The Talon was the first supersonic trainer aircraft and provided foundational training experiences for Air Force pilots from the United States and other North Atlantic Treaty Organization (NATO) member nations. Tens of thousands of pilots trained in T-38s. Astronauts flew them to keep their flying skills sharp before voyaging into space. The U.S. Air Force Thunderbirds demonstration team chose them from 1974 to 1983 to demonstrate the beauty of precision flying and of United States aircraft technology. Talons were used as test beds for new equipment and weapons systems, and variants of the plane went on to achieve their own fame, most notably the F-5 Freedom Fighter and Tiger II.
It’s no surprise that this aircraft, which went from being an unwanted design to an indispensable element of the United States military and space program, was the perfect fit for Jackie Cochran, whose career followed a similar trajectory. She earned a pilot’s license in the early 1930s and began an air racing career, gaining attention and the nickname “Speed Queen” for her frequent record-setting flights and trophies. In addition to her work with the women pilots’ organization the Ninety-Nines, Cochran was an important contributor to the Civil Air Patrol and during World War II was the head of the Women Air Force Service Pilots (WASP). Although blocked from flying combat missions, the WASP were a key contribution to the Allied effort in World War II, primarily by ferrying aircraft from production facilities to their designated units throughout the United States or by towing aerial targets for gunnery training.
She won the Bendix Trophy in 1938, but that was only the beginning of her record-setting career.. She broke the sound barrier in 1953 while flying a Canadair Sabre Mk.3 (a variant of the North American F-86 Sabre). After her eight record-setting flights in the T-38 Talon, she continued pushing the envelope. Her final record was set in an F-104 Starfighter, which she piloted at 1,429.297 mph (2,300.23 km/hr) in 1964 at age 58.
The T-38 that she flew, now on display at the Smithsonian Steven F. Udvar-Hazy Center, stayed in the Air Force inventory after Cochran’s flights, going on to be used in important engineering flight tests at McClellan Air Force Base near Sacramento, California (the aircraft is currently displayed in these flight test markings). The U.S. Air Force transferred the plane to the Air and Space Museum in 2004, but it remained in storage for over a decade. In 2018, the Museum’s then-director Dr. Ellen Stofan toured the storage facility and spotted Cochran’s T-38 from among a wealth of other artifacts in the collection. A simple question about whether anyone had considered including the aircraft in an upcoming gallery led to a series of decisions resulting in the plane’s display. In early 2022, the T-38 will be moved to our flagship Museum on the Mall in Washington, D.C. But until then, we are proud to share it with visitors to the Udvar-Hazy Center. A grant from the Smithsonian American Women’s History Initiative supported preparing the T-38 Talon for display.

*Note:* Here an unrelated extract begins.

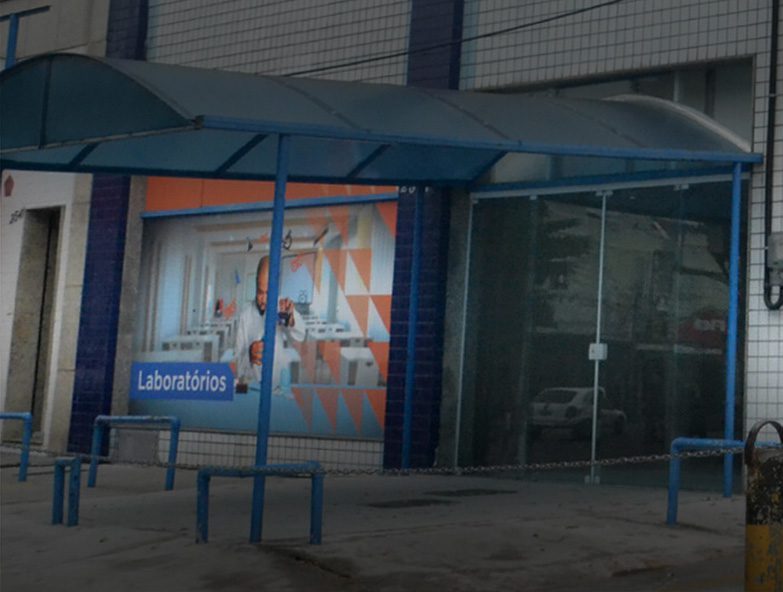 Entrada da unidade Campo Grande, com cobertura azul e o painel "Laboratórios"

Cochran and the T-38 both had long careers that broke important new ground in aviation history. “I am often asked what my sensations were when flying at Mach 1 or beyond way up there,” Cochran said, reflecting on her life. “Up there things come into proportion. The people on earth have disappeared. You have left them behind you and are on your own, impressed with the immensity of space—so close to space and those noonday stars, convinced there must be a divine order of things.”